Restate the last part of the records below word for word, beginning at the line with "Hisoka Morou hunter" and ending at the final line.

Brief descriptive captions
········

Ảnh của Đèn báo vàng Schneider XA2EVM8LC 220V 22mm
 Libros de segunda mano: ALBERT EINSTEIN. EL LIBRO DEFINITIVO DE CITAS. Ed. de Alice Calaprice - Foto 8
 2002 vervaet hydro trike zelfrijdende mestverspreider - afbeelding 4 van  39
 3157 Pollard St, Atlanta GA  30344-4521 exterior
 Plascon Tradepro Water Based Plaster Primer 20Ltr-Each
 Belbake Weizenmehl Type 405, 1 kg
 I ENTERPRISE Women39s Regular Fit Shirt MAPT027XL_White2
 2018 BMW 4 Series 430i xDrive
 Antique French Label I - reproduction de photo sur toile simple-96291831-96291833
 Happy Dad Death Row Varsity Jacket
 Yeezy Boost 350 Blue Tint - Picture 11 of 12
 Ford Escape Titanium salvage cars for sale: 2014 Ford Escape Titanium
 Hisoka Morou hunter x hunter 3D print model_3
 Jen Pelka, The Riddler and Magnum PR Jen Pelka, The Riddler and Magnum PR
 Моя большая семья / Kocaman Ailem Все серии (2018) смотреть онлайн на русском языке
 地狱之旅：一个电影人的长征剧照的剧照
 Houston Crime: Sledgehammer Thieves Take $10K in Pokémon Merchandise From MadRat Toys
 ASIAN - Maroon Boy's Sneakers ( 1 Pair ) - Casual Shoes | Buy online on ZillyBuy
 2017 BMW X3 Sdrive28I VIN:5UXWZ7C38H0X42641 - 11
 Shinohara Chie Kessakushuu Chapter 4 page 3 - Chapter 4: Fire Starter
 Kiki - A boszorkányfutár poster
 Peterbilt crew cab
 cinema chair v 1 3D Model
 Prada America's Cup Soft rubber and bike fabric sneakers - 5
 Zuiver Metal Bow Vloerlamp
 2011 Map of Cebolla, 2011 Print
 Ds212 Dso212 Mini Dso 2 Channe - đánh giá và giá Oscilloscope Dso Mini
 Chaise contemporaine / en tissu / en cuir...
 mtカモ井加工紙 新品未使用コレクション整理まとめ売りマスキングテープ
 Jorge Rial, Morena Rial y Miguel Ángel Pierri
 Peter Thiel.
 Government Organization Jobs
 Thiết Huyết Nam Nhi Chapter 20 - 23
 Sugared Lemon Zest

········

OUTPUT OF THE TASK »
 Hisoka Morou hunter x hunter 3D print model_3
 Jen Pelka, The Riddler and Magnum PR Jen Pelka, The Riddler and Magnum PR
 Моя большая семья / Kocaman Ailem Все серии (2018) смотреть онлайн на русском языке
 地狱之旅：一个电影人的长征剧照的剧照
 Houston Crime: Sledgehammer Thieves Take $10K in Pokémon Merchandise From MadRat Toys
 ASIAN - Maroon Boy's Sneakers ( 1 Pair ) - Casual Shoes | Buy online on ZillyBuy
 2017 BMW X3 Sdrive28I VIN:5UXWZ7C38H0X42641 - 11
 Shinohara Chie Kessakushuu Chapter 4 page 3 - Chapter 4: Fire Starter
 Kiki - A boszorkányfutár poster
 Peterbilt crew cab
 cinema chair v 1 3D Model
 Prada America's Cup Soft rubber and bike fabric sneakers - 5
 Zuiver Metal Bow Vloerlamp
 2011 Map of Cebolla, 2011 Print
 Ds212 Dso212 Mini Dso 2 Channe - đánh giá và giá Oscilloscope Dso Mini
 Chaise contemporaine / en tissu / en cuir...
 mtカモ井加工紙 新品未使用コレクション整理まとめ売りマスキングテープ
 Jorge Rial, Morena Rial y Miguel Ángel Pierri
 Peter Thiel.
 Government Organization Jobs
 Thiết Huyết Nam Nhi Chapter 20 - 23
 Sugared Lemon Zest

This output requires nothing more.